O EIV, objeto de estudo dos pesquisadores, teria como prever especulação imobiliária, crescimento desordenado e transformações no tecido urbano. “A não condução do EIV não permitiu a correta avaliação dos impactos na qualidade de vida desses refugiados ambientais urbanos, especialmente daqueles que têm impacto na vida diária da população, como por exemplo, alterações do tempo e perfil de deslocamento diários para o trabalho, escola, lazer, etc. Também não foram avaliados os impactos sociais e econômicos diretos nas famílias que possuíam estabelecimentos comerciais que foram fechados”, diz trecho do estudo.

A empresa tinha conhecimento prévio dos riscos da exploração de sal-gema em uma área geologicamente instável, mas ainda assim manteve as atividades por décadas. A comunicação com os moradores foi falha: “Os moradores dos bairros Mutange, Bom Parto, Bebedouro, Pinheiro e Farol não sabiam sobre como funcionavam as atividades da empresa”, o que evidencia o uso da assimetria de informação como forma de manter o controle territorial.

Mesmo após o colapso, as medidas adotadas pela empresa foram consideradas insuficientes. “Os dados analisados apontam para o foco da reparação financeira, como uma obrigação legal e econômica da Braskem, que utiliza o poder dos recursos para lidar com a dor causada nas famílias e recuperar a imagem de empresa responsável”.

“Os crimes contra o território, o enfraquecimento do lugar e as consequências futuras no âmbito cultural das pessoas que tiveram as casas desapropriadas não podem ser reparados com soluções financeiras”, diz ainda o estudo.

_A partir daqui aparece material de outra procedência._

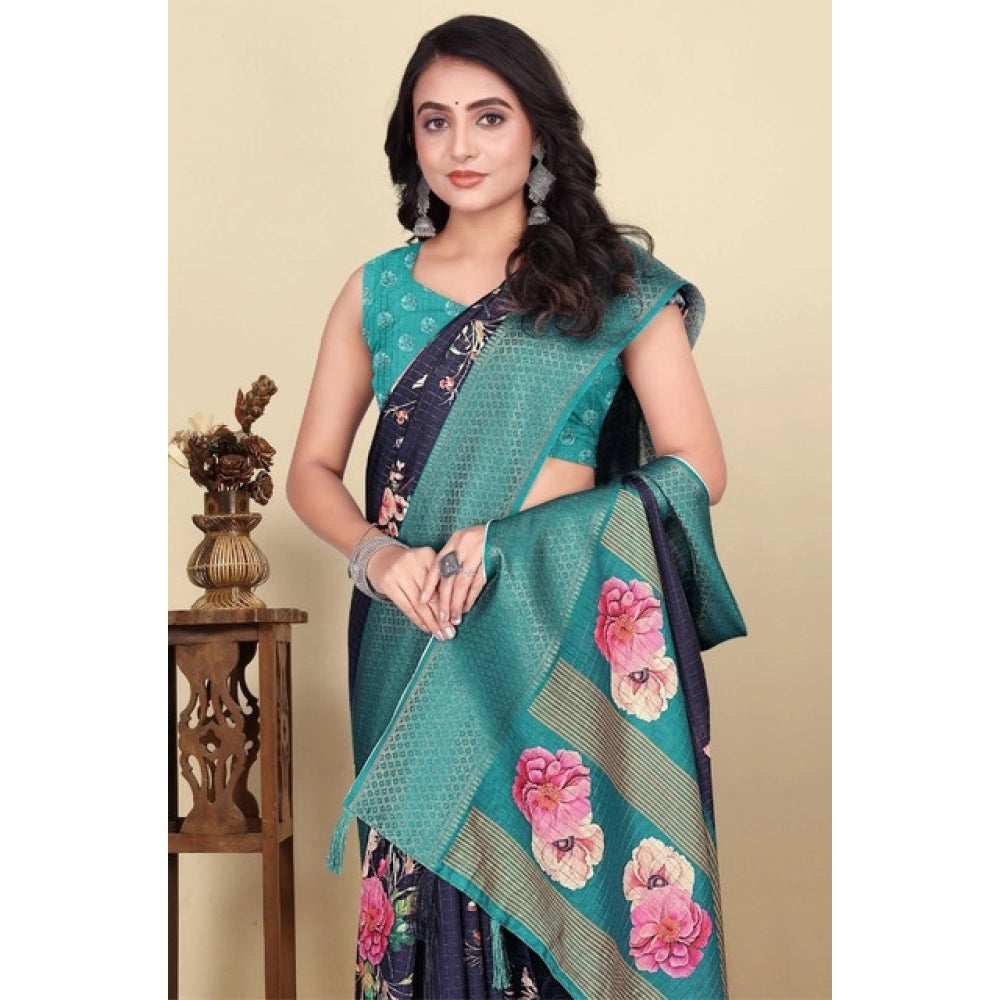 Navy blue cotton blend floral printed saree with unstitched blouse (5.5Mtr)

O governo do Estado aguarda a venda da Braskem para negociar o passivo Alagoas. O assunto voltou à pauta esta semana, através do senador Renan Calheiros (MDB). Ele lembrou que a mineradora é a maior credora do Estado. Além disso, as indenizações precisam ser pagas de forma justa, diferente dos acordos celebrados entre a companhia e as vítimas. E, ao final, a saída da empresa do Pontal da Barra, hipótese defendida por Renan.